> _Problem to work on_:
Of the lines in the data below, write out exactly those from the one holding "மணிப்பூரில் கலவரத்தால் பாதிக்கப்பட்ட" through the one holding "1529 Carl Avenue, Holbrook, NY", both included.

> _Extracted entries_:
★ ★ ★ ★ ★
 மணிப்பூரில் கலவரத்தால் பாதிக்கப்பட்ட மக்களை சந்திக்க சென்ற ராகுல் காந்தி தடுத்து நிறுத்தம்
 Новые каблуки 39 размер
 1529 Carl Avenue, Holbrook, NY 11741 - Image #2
★ ★ ★ ★ ★
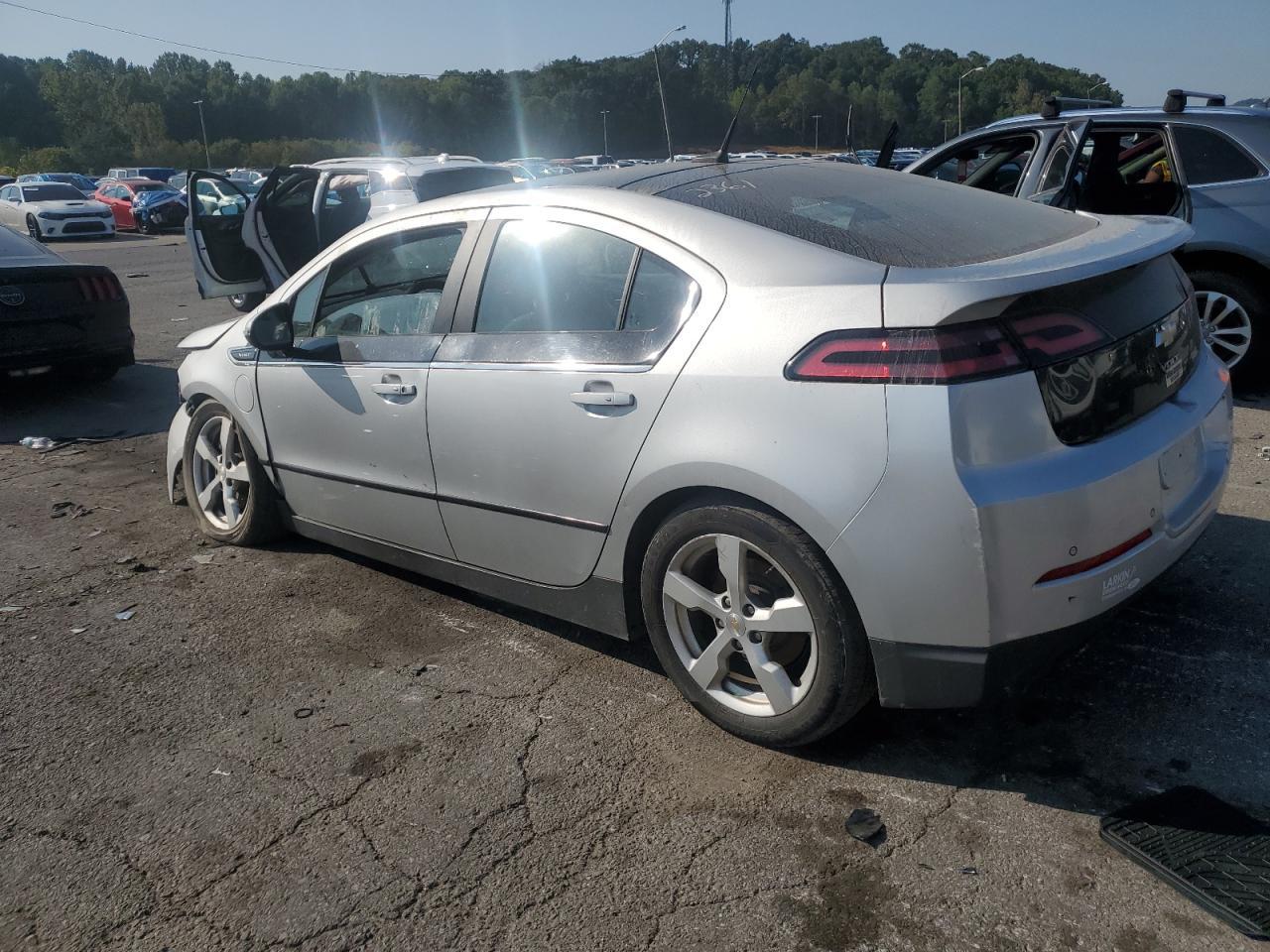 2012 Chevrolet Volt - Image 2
★ ★ ★ ★ ★
> _Task output_:
 மணிப்பூரில் கலவரத்தால் பாதிக்கப்பட்ட மக்களை சந்திக்க சென்ற ராகுல் காந்தி தடுத்து நிறுத்தம்
 Новые каблуки 39 размер
 1529 Carl Avenue, Holbrook, NY 11741 - Image #2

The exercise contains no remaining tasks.